For each new blog post:

# 1. Understand the post concept, compose the visual metaphor
# 2. Generate
generate-image "..." --aspect 16:9 --output {slug}-cover.png

# 3. Convert
node -e "const sharp = require('./node_modules/sharp'); sharp('{slug}-cover.png').webp({quality:85}).toFile('{slug}-cover.webp').then(i => console.log((i.size/1024).toFixed(1), 'KB'))"

# 4. Upload
wrangler r2 object put {your-bucket}/blog/covers/{slug}-cover.webp \
  --file {slug}-cover.webp --content-type image/webp --remote

# 5. Add frontmatter to blog post, push

The whole thing takes two minutes. The bottleneck is thinking of a good metaphor — the tools don’t slow you down.

What the Pipeline Doesn’t Do

It doesn’t generate architecture diagrams or flow charts. For anything that needs to be precise — request lifecycles, crate dependency graphs, data flow between services — AI image generation is the wrong tool. Those get Mermaid or SVG.

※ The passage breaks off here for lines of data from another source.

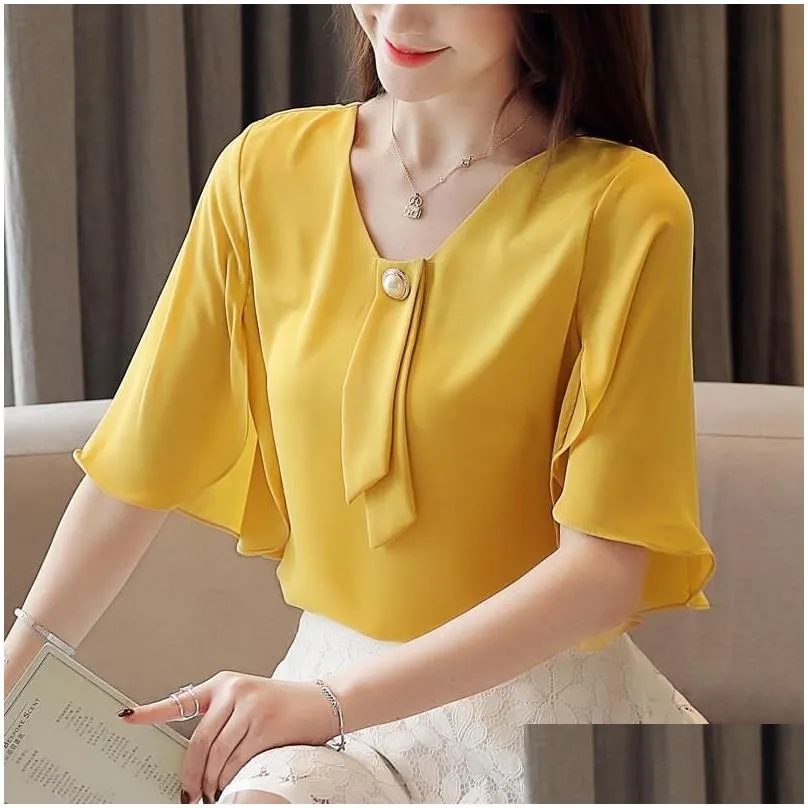 Women`S Blouses & Shirts Womens Spring Summer Style Chiffon Blouse Shirt Elegant V-Neck Ruffles Solid Color Short Sleeve Temperament Dhncq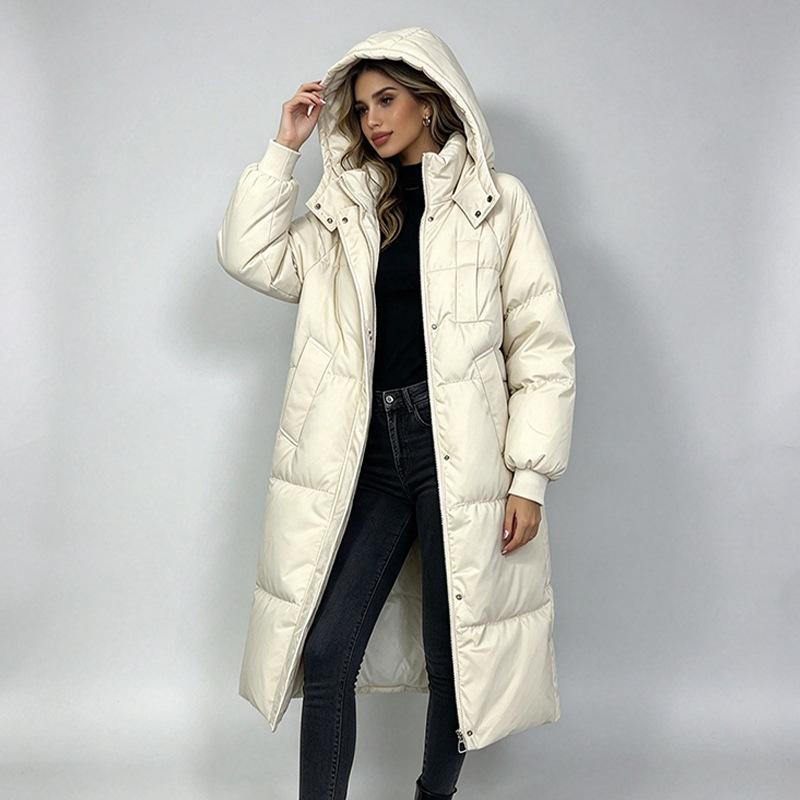 Winter fashion thickened long knee down cotton-padded clothes women's versatile thermal hooded cotton-padded jacket women's jacket tide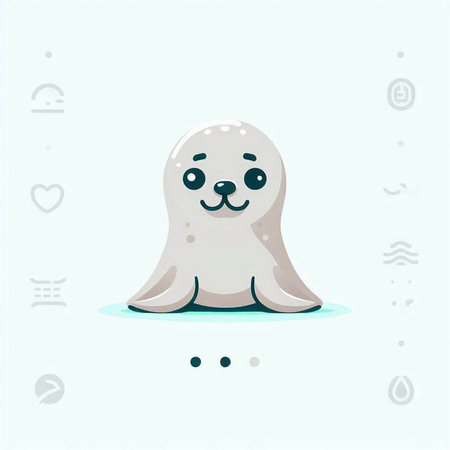 Cute cartoon sea ghost. Vector illustration in a flat style.のイラスト素材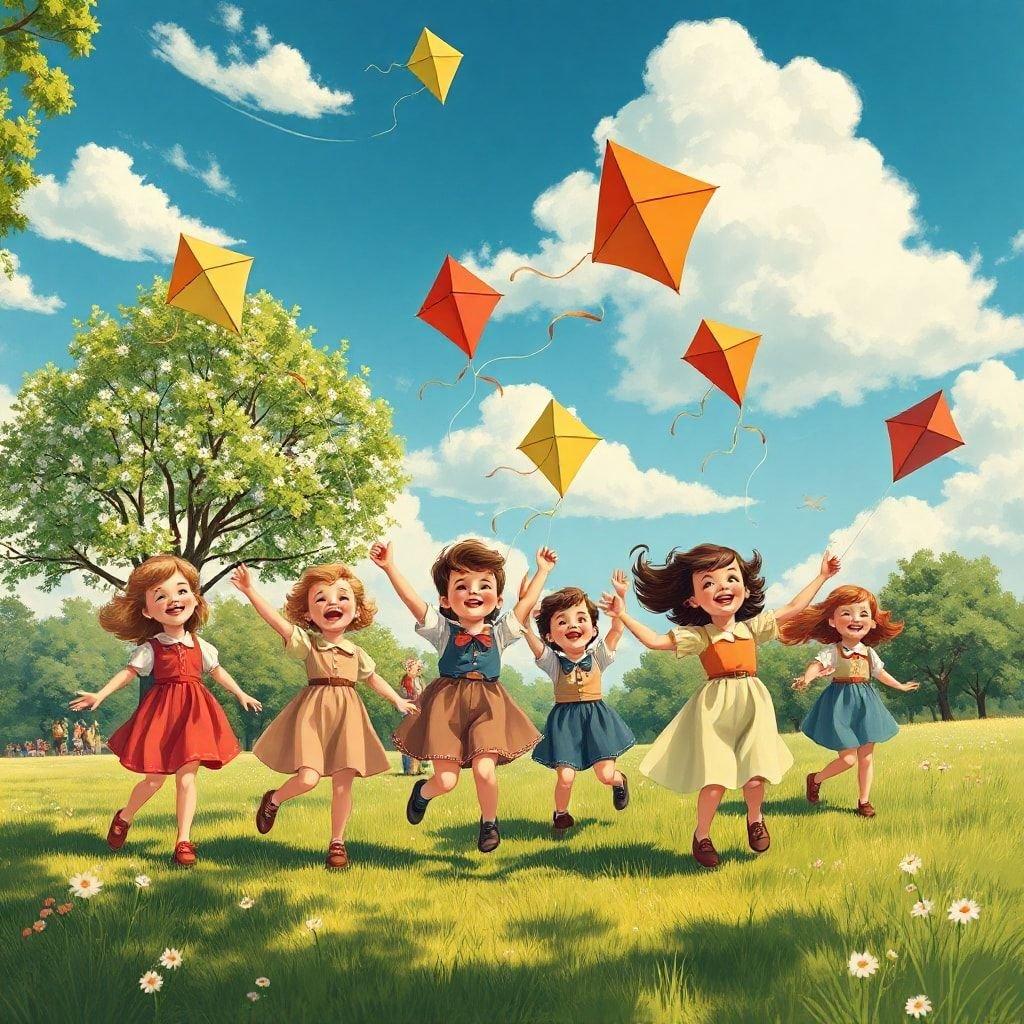 In this vibrant and nostalgic scene, a group of children are joyfully flying kites on a clear day. The image captures the essence of simple joys and carefree childhood moments. With trees framing the background and a bright blue sky overhead, it's as if you can almost feel the breeze against your face. This image is perfect for those who appreciate the charm of vintage illustrations and the innocence of youth.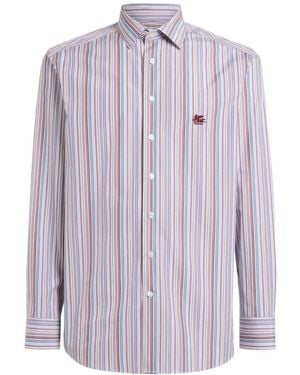 Etro Striped Cotton Shirt - Purple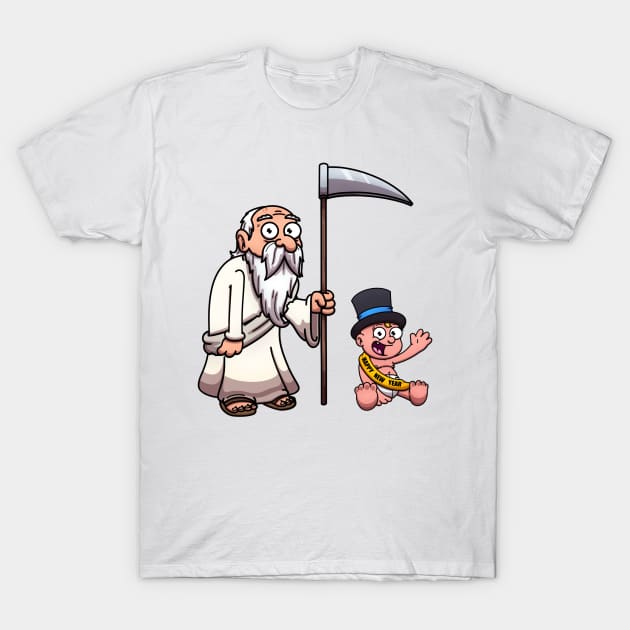 Father Time And New Year’s Baby (Old And New Year) T-Shirt by TheMaskedTooner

The pipeline is specifically for atmospheric concept art: images that capture a mood or an idea, not a technical specification. That distinction matters. Knowing which type of image a section needs keeps you from reaching for the wrong tool.

The Meta Moment

The cover image for this post was generated by this pipeline. The visual metaphor: a Gemini-generated abstract composition flowing through a conversion stage and arriving at a storage bucket — three geometric forms in sequence, connected by light.

That’s the loop. The pipeline describes itself.

The views expressed here are my own. Examples and scenarios are drawn from my personal projects and do not represent any specific organization, product, or system.